SEATTLE — U.S. District Judge Kymberly K. Evanson denied Angi Inc.’s motion to compel arbitration in a putative class action alleging unwanted commercial texts, ruling that genuine factual disputes over whether the plaintiff ever used the platform must be resolved through discovery.

Randall Lowell, the plaintiff in the case, sued Angi Inc., the company that operates angi.com, alleging the platform violated the federal Telephone Consumer Protection Act and Washington state laws by initiating or assisting in the transmission of unwanted commercial text messages and phone calls.

Angi moved to compel arbitration, arguing that Lowell consented to a binding arbitration agreement when he submitted service requests through the company’s mobile application. The motion relied on a declaration by Joseph Puccio, Angi’s Senior Vice President of Product Management, who stated that Angi’s records showed Lowell visited the website and made service requests, thereby accepting the company’s terms.

Attached to Puccio’s declaration were printouts of service requests listing Lowell’s name, email, physical address, and phone number, along with descriptions of tasks such as repairing asphalt, painting, repairing a gas furnace, and replacing siding.

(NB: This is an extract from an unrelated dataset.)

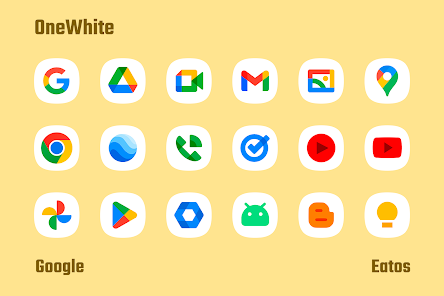 OneWhite - Icon Pack - скриншот 1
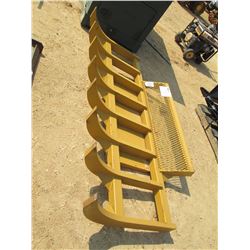 ROOT RAKE, - 7', FITS SKID STEER LOADER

Puccio stated that Angi’s system generates a service request only after a consumer affirmatively consents to the terms. To create a request, a consumer must click a “View Matching Pros” button, which triggers a disclosure stating: “By clicking View Matching Pros, I agree to Angi’s Terms and Privacy Policy, and that Angi and its service professionals, or parties acting on their behalf, may use automated technology and prerecorded messages to deliver marketing calls or texts regarding my project and future projects to the number I provided. Consent is not a condition of service.”

Lowell denied ever using Angi’s platform or submitting the requests. In his own declaration, Lowell stated he has never used Angi’s List, downloaded the mobile app, or used the website to submit a service request. He claimed he does not recall ever visiting Angi’s website and had never seen the terms until reviewing Puccio’s declaration during litigation.

Lowell specifically contested the dozen service requests attached to Puccio’s declaration, attaching records he claimed showed he was engaged in other activities when many of the services were requested. He disputed requests for repairs to a gas furnace or landscaping, noting he does not own a gas furnace and does not live associated with the landscaping request.

Lowell also submitted a screenshot of his email inbox from one relevant time period, claiming he was “engaged in a series of nonstop emails and back-to-back phone calls with attorneys and experts about a friend’s wrongful death suit” when one of the service requests was made. He further claimed he was driving in traffic or at a coffee shop of two other requests, and that he sent a business email time another request was submitted.

Evanson ruled that the parties genuinely dispute whether Lowell, or someone else, made the service requests. She noted that Lowell’s sworn declaration presents specific facts and evidence to support his contention that he did not submit the requests.

“Drawing all inferences in Lowell’s favor, as the Court must at this stage, a reasonable factfinder could determine on this record that Lowell did not submit the service requests and thus did not consent to Angi’s terms,” Evanson wrote.

Because Angi has not yet carried its burden to show mutual assent to an arbitration agreement, the court directed the parties to proceed to discovery on the issue of arbitrability. Angi may renew its motion to compel after completing this limited discovery, or the parties may proceed to a jury trial on the issue of arbitrability if necessary.

Evanson ordered the parties to meet and confer and submit a joint status report by May 27, 2026, proposing a schedule for completing discovery into arbitrability and a deadline for Angi to file any renewed motion to compel arbitration.

The court also stayed Angi’s motions to dismiss the TCPA claims and to strike the Complaint’s class action allegations, directing the Clerk to terminate them without prejudice to being reinstated the case does not proceed to arbitration.